Воля ваша, но что-то с нашими рок-иерархами первого ряда творится явное не то.

Я даже не об упоминавшихся чаях с Сурковым и пивных посиделках с Медведевым. И не об эволюции оценок Путина и режима, с нынешним кое у кого прозрением, напоминающим чистосердечное признание в зале товарищеского суда.

Возьмем чисто человеческую ситуацию.

Умер русский писатель Александр Житинский. В Финляндии, на 72-м году жизни, в конце января 2012 года.

В ранние 80-е прозаик Житинский стал одним из первых у нас рок-журналистов и сразу сделался в этой сфере, не имевшей в России никакой традиции, суперпрофи западного образца.

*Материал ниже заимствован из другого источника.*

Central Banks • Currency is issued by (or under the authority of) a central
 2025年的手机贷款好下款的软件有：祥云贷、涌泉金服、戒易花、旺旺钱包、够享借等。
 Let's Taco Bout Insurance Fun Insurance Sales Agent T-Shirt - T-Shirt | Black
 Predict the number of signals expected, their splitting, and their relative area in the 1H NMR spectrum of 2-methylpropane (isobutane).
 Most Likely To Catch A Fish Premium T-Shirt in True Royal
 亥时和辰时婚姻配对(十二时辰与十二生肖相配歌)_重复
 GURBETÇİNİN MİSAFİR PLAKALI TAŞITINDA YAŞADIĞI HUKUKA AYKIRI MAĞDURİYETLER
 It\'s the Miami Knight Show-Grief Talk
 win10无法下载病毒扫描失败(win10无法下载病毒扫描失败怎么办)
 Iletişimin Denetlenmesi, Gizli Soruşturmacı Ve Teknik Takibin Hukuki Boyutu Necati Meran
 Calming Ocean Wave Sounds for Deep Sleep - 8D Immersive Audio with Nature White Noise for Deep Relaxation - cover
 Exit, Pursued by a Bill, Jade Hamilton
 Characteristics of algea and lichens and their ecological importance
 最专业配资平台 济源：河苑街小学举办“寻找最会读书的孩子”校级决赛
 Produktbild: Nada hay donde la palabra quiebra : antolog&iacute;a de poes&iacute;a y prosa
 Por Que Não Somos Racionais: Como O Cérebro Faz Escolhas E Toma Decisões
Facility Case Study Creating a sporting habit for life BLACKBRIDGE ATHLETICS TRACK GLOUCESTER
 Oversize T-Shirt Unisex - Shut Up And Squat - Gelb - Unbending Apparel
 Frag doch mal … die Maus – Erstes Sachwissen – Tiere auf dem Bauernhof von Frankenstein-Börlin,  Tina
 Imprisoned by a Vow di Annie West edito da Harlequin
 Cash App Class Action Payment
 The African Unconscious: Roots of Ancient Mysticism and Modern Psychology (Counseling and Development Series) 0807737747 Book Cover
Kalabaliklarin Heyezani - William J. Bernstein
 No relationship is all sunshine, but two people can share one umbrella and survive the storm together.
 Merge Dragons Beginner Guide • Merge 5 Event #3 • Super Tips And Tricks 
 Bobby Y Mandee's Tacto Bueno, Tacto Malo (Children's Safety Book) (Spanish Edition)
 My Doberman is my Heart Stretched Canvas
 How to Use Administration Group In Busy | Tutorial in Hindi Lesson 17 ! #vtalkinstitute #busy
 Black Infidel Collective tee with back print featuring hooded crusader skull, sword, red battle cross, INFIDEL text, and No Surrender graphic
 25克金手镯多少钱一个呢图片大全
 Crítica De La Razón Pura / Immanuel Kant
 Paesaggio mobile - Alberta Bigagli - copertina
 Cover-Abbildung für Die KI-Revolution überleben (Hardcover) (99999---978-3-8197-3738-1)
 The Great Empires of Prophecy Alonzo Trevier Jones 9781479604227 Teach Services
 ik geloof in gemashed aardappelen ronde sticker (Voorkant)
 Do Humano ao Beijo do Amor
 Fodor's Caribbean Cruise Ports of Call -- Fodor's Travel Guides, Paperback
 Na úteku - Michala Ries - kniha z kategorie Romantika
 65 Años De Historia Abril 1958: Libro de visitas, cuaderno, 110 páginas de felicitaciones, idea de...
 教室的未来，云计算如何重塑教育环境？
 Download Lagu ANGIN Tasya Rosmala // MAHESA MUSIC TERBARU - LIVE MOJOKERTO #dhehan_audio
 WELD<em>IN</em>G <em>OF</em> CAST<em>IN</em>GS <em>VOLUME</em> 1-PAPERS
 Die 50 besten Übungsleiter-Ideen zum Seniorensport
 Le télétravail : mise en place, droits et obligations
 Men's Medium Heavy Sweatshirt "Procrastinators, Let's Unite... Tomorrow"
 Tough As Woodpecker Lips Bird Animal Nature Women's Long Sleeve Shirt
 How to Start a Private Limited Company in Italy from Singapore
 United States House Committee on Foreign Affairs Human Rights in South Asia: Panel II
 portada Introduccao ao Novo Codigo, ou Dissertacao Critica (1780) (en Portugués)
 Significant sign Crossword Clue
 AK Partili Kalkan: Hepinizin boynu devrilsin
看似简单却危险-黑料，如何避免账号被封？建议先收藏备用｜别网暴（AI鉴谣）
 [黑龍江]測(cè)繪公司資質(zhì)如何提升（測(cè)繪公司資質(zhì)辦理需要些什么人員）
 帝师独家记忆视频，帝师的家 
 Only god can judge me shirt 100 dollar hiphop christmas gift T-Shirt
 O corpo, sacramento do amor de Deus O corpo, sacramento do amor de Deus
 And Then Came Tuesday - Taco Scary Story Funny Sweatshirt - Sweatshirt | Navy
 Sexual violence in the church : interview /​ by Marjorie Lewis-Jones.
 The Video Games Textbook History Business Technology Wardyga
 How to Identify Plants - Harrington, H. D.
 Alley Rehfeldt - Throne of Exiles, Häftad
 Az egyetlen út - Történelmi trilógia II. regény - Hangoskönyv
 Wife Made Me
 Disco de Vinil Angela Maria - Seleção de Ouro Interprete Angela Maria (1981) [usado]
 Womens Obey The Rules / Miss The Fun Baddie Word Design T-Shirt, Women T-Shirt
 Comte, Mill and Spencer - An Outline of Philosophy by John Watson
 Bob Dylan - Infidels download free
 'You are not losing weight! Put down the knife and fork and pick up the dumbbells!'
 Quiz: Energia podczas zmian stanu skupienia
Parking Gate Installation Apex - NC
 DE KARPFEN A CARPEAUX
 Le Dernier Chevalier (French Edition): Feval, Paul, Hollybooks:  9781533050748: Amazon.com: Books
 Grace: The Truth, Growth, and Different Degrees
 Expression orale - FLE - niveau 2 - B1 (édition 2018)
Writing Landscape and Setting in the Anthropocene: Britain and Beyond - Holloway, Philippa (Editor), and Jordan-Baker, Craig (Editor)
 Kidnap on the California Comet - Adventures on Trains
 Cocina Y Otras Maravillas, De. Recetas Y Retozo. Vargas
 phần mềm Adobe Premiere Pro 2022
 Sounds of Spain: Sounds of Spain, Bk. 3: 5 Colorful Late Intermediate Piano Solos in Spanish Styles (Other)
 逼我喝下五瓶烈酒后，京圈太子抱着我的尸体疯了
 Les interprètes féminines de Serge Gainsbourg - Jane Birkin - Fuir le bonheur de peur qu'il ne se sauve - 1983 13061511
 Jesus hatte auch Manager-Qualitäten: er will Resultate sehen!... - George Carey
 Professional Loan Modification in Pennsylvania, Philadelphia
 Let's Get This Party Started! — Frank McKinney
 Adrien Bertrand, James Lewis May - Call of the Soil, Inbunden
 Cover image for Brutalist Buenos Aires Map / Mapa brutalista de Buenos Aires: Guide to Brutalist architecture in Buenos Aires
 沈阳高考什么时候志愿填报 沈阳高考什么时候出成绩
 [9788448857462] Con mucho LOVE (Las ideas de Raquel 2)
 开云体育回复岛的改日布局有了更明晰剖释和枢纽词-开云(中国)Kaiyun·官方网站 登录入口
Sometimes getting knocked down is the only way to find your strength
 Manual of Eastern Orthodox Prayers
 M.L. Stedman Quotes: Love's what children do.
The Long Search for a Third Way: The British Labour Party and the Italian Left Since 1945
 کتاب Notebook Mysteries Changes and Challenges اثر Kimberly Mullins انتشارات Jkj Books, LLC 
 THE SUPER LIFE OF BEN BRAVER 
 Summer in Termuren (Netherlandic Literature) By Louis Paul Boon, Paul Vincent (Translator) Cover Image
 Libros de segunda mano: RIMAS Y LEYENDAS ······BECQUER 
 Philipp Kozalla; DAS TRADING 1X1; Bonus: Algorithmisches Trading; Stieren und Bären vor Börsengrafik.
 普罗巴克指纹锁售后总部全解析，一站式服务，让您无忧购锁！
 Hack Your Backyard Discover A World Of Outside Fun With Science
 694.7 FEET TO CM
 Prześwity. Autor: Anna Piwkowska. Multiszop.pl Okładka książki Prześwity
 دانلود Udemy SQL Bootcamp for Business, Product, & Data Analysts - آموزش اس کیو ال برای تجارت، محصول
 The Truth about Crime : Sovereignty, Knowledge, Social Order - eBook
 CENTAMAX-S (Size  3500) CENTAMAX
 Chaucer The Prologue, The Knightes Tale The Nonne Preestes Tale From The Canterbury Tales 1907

Тут ему не было равных (Артемий Троицкий? Немного не то — у Троицкого, как и его почти однофамильца Троцкого, всегда велика была личная амбиция, «Я и Октябрь», «Я и русский рок»). Житинский же, оставаясь превосходным популяризатором, умел уходить в тень. Отсюда немного смешная самоаттестация — «рок-дилетант».

Здесь его несомненная заслуга перед нашим поколением и страной, но чтобы в полной мере оценить ее, надо было жить в провинции в 80-е. Особенно ранние, до 85-го или даже 87-го года, когда он печатал свои колонки «Записки рок-дилетанта» в «Авроре».

Тут еще один плюс-минус амбивалентной нашей советской власти — магнитофонные записи в глушь доходили дискретно, самиздат — коллекционно, а вот периодика попадала вся — живая и свежая.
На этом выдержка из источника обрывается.